_Task input:_

******************************

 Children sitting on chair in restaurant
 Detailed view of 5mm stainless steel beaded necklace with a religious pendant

******************************

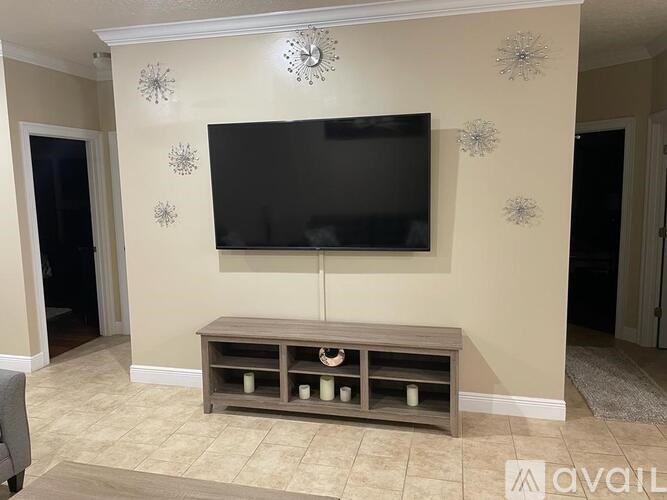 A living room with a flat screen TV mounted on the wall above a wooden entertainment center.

******************************

_Work to be completed:_
Above are the records. Print exactly, and only, the lines from the line with "Children sitting on chair in restaurant" to the line with "Detailed view of", both inclusive.

_Result of this exercise:_
 Children sitting on chair in restaurant
 Detailed view of 5mm stainless steel beaded necklace with a religious pendant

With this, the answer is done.